Alrescha menyandarkan kepalanya di bahu Aresh dengan manja, "Abang nggak pada pulang ya, Bi?"
"Lha itu Abang!" tunjuk Aresh kepada anak keduanya yang sangat meng-copy paste Reshi.
"Bukan Bang Archie, Bia! Bang Aksa sama Bang Arash!" protes Alrescha, "mereka nggak pulang?!"
Suara teriakan seseorang kembali terdengar. Mengucap salam sembari masuk. Sosok tinggi nan gagah, berwajah mirip seperti Archie namun berbeda sifat langsung menghampiri kakak, adik dan kedua orangtuanya. Kemudian mencium punggung tangan kedua orangtuanya sebelum mengacak rambut Alrescha dengan gemas.
"Abang!!!" pekik Alrescha tak suka.
"Tumben Pres BEM pulang ke rumah? Mau minta dikelonin pasti!" ledek Arash setelah menyampirkan jas hitamnya di lengan sofa dan duduk di samping Archie.
"Abang juga! Nggak jagain Princess?!" ledek Alrescha kesal.
Aresh langsung melerai, sebelum kedua putranya ribut, "Sudah! Kalian sudah makan belum? Bia tadi sudah menggoreng ayam dan ikan buat kalian. Ada nasi uduk bakar, sama lalapannya juga."
"Bia tahu aja kalau Alres lagi pengen nasi uduk bakar," ucap Alrescha seraya memeluk Aresh kembali.
"Dasar anak Bia, Lo!" seru Arash sembari melepas dasi berwarna merah dan melipat lengan kemejanya.
"Emang gue anak Bia! Alrescha-nya Bia! Emang Abang! Tingkahnya nggak pantas jadi anak Bia sama Ayah!" protes Alrescha.
"Eyang baru tidur tadi. Pelankan suara kalian!" Suara tegas Reshi menginterupsi Arash yang akan bersuara.
"Bang Arash tu, Yah!" adu Alrescha.
"Gemes gue kalau nggak godain, Lo!" sahut Arash tak merasa berdosa.
Alrescha merengek, "Bia! Abang tu!!!"
"Reksa Arashi Nataya! Bisa nggak, jangan menggoda adiknya?!" peringat Aresh yang mulai terganggu dengan keributan anak-anaknya.
Arash tersenyum lebar, "Enggak bisa, Bia! Rasanya ini mulut dan tangan gatal kalau nggak ganggu Alrescha."
Aresh langsung menarik tangan Alrescha ketika putranya itu akan memukul Arash. Ucapan salam kembali terdengar, membuat Alrescha menolehkan kepalanya. Senyumnya tersungging. Melihat kakak tertuanya yang sangat diidolakan sedari dulu.

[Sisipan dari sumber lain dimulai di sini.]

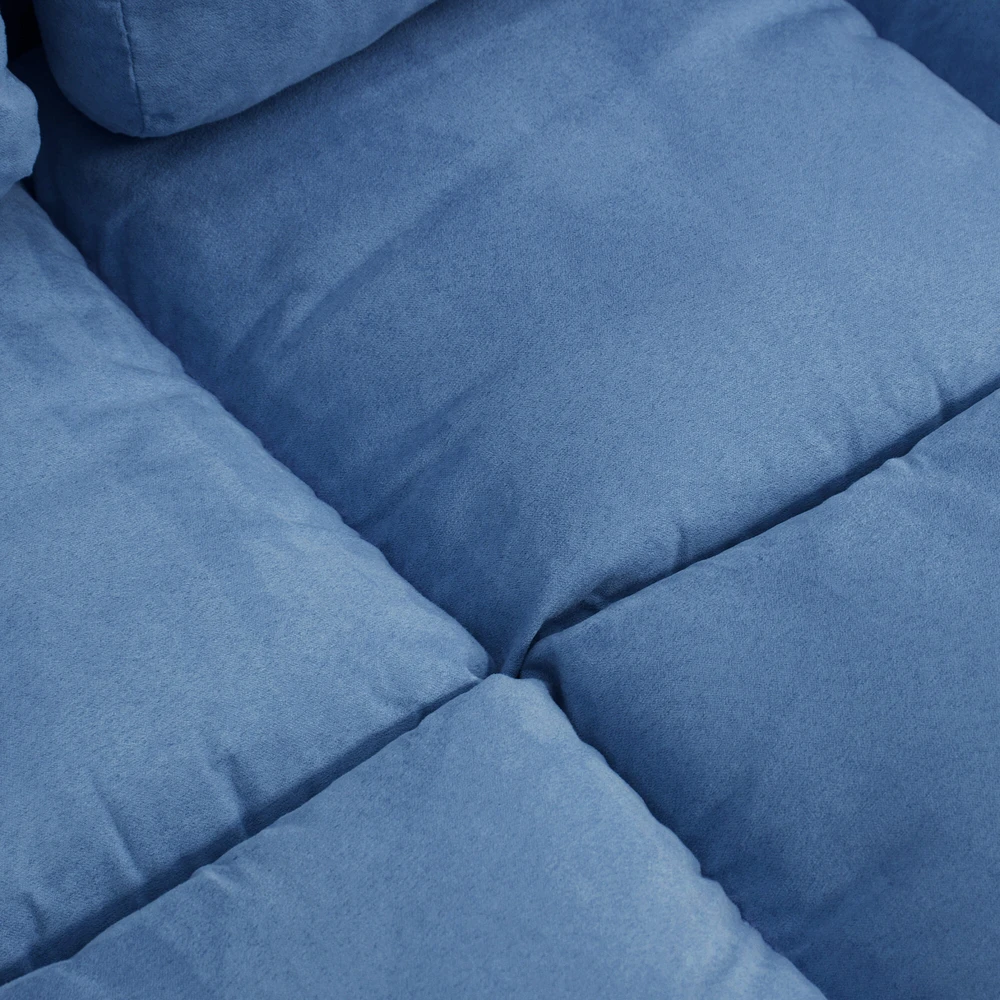 Sofa HOMCOM grindų kėdė 2in1 grindų fotelis sulankstomas lovos atlošas 3 padėtys reguliuojama sėdynės pagalvėlė aksomas plienas mėlyna 102x73x60cm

"Asalamualaikum," salam Aksa.
"Wa'alaikumsalam," jawab semua serempak.
"Kenapa kamu senyum-senyum?" tanya Aksa melihat Alrescha menatapnya sembari tersenyum.
"Kangen sama Abang," aku Alrescha jujur.
Aksa tersenyum seraya mengusap rambut Alrescha, "Long time no see, Kecil!"
"Bukan kecil, Bang! Tapi remahan sisaan-nya kita itu!" ledek Arash kembali.
"Bia! Abang mulai lagi tu!" adu Alrescha kembali.
"Sudah! Ayo makan!" ajak Aresh kepada anak-anaknya yang baru saja datang.
Arash menarik kaos Alrescha. Membuat Alrescha memekik kesal. Aksa yang tak ingin mendengar keributan adik-adiknya segera melerai. Merangkul Alrescha untuk menjauh dari Arash yang memang terkenal paling jahil di antara mereka. Ketiganya mencuci tangan sebelum duduk di kursinya masing-masing.
"Dasar Kecil!" seloroh Arash melihat Alrescha meminta tolong memisahkan tulang dan daging ikan kepada Aresh.
"Kecil-kecil tapi bisa bikin anak kecil tahu!" timpal Alrescha kesal.
Arash tertawa, "Mau kawin, Lo?! Antri dulu kali!"
"Udah! Jangan berisik!" lerai Aksa sebelum memakan nasi uduk bakarnya.
"Nikah, Bang! Bukan kawin!" protes Alrescha.
"Sama aja!" seru Arash sembari memakan ayam goreng kesukaannya.
"Beda!!!" sahut Alrescha.
"Bang Arash! Udah dong! Bia pusing ini dengar kalian ribut terus!" Aresh mengeluh kesal.
Arash terkekeh, kemudian meminta maaf. Ia memandang kembarannya yang lahir beberapa menit lebih dulu saat melewati meja makan. Membuat Aresh mengalihkan pandangannya yang belum selesai memisahkan daging dan tulang ikan untuk Alrescha.
"Abang mau ngapain?" tanya Aresh kepada Archie.
Archie tersenyum simpul sebelum menyobek kopi instan yang dipegangnya, "Bikin kopi, Bia."
"Gue satu, Bang!" teriak Arash yang diiringi cengirannya, dan dibalas Archie dengan anggukan kepalanya. "Terima kasih, Abang Archie."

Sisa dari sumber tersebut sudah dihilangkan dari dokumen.